A. Workers’ compensation in California is a system of no-fault coverage that provides benefits to those who have been injured while performing activities while under the course and scope of their employment. People who apply for these benefits are commonly referred to as “applicants“.
Every employer in the state of California must be either insured or they must be “permissibly self-insured” so that they may properly provide these benefits to their employees. This way, if you are injured at work, there will be certain benefits provided to you regardless of whether you were at fault or your employer was or no one was.
As applicant’s attorneys, it is our job to maximize these benefits for you.
Q: Am I covered by workers’ compensation if I fell in the parking lot at work after clocking out / before clocking in?
A: It depends. The insurance claims adjuster (or Claims Administrator) may claim that this is not covered by workers’ comp. under the “going and coming rule”. However, there are many exceptions to this rule and the facts of your injury may fall within one of them.
Q: I’ve worked at the company for many years and have developed pain in my wrists and elbows while doing certain repetitive activities. Is this covered by workers’ compensation?

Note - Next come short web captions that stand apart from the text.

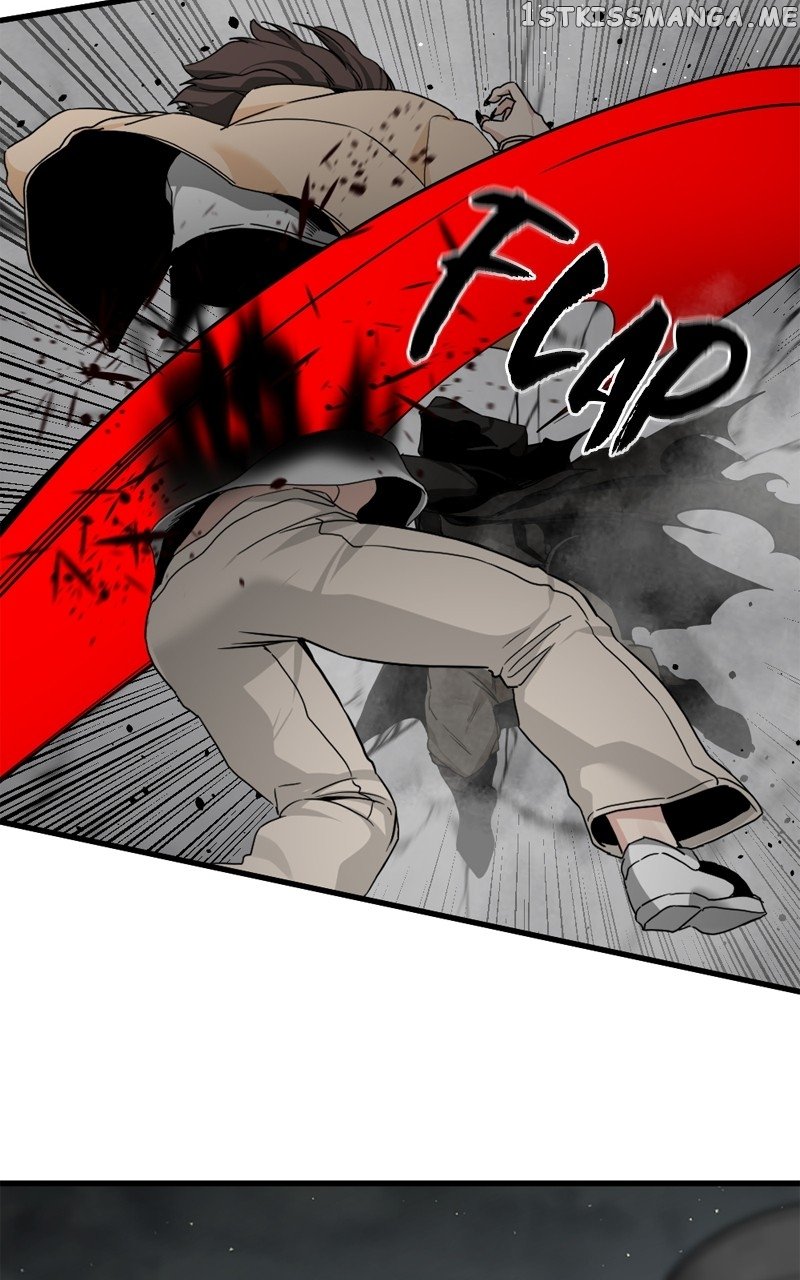 Hero Killer Chapter 108 - page 87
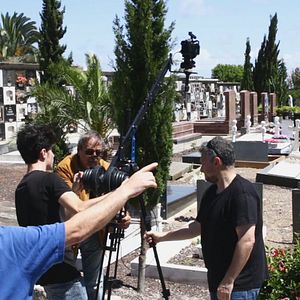 Foto Bregando historias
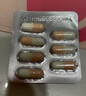 舒尔佳奥利司他胶囊120mg*7粒 减脂减重 排油瘦身 治疗肥胖 国药准字 减肥药 中国专利金奖 抑制脂肪 塑身 实拍图
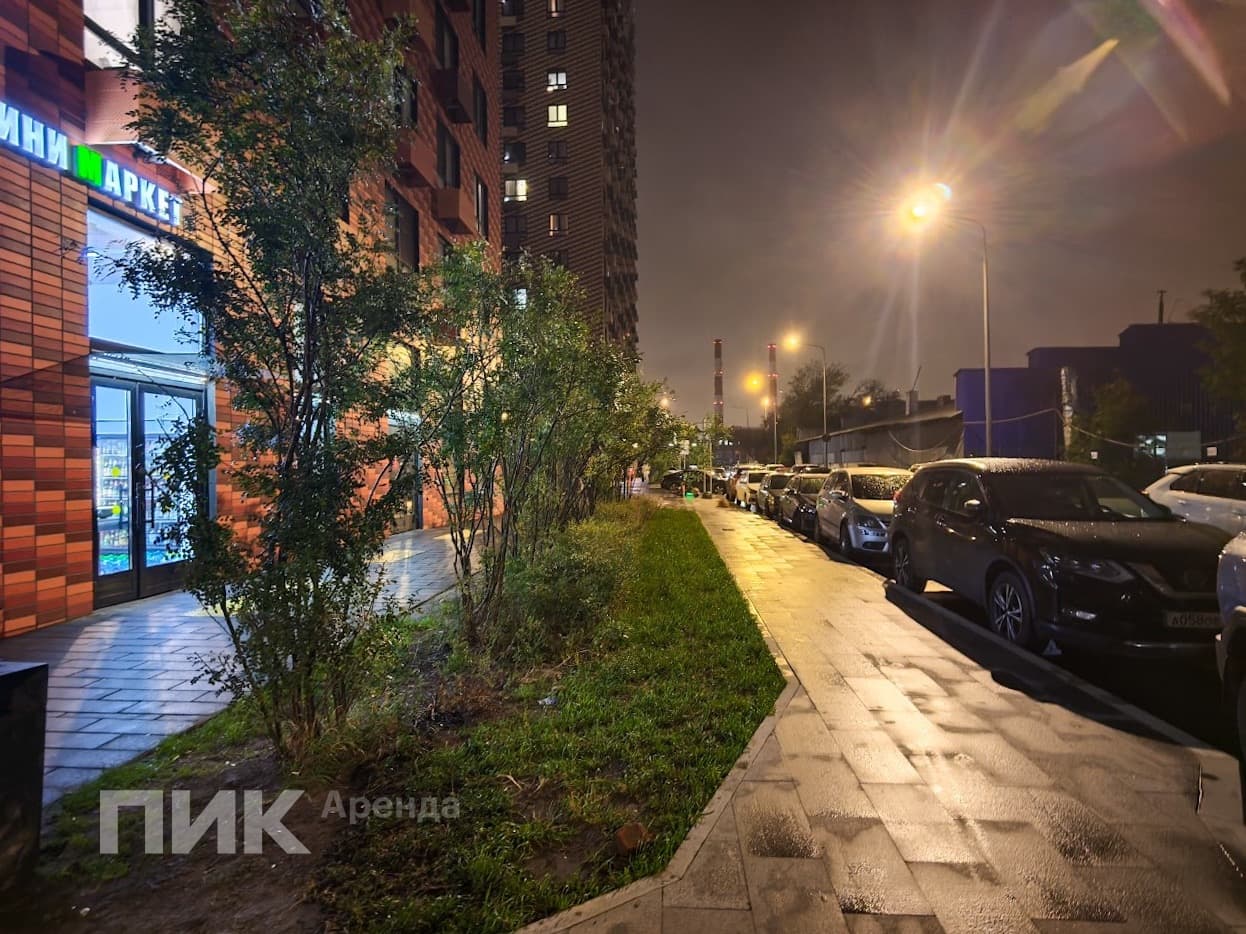 1-к. квартира, 33 м², 71 300 ₽/мес — фото № 17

A: All types of injuries can be covered. Performing repetitive work in the same motion over and over, such as by working on an assembly line may cause you carpal tunnel syndrom, cubital tunnel syndrom, shoulder problems, neck problems, etc. This is a phenomenon which attorneys and judges refer to as “continuous trauma”, and it is covered.
Of course, a specific event such as hurting your back in a fall or being involved in an auto accident while making deliveries also fall within workers’ compensation coverage as well.
Interestingly, “compensable consequences” of the original injury can also fall under your workers’ compensation case. So, for example, if you injured your left knee and you limped for a great deal of time and over-compensated by putting all of your weight on your right knee, causing it to be injured, your right knee becomes part of the case. If you develop internal problems as a result of taking pain medication or depression due to pain, those conditions may also become part of your case.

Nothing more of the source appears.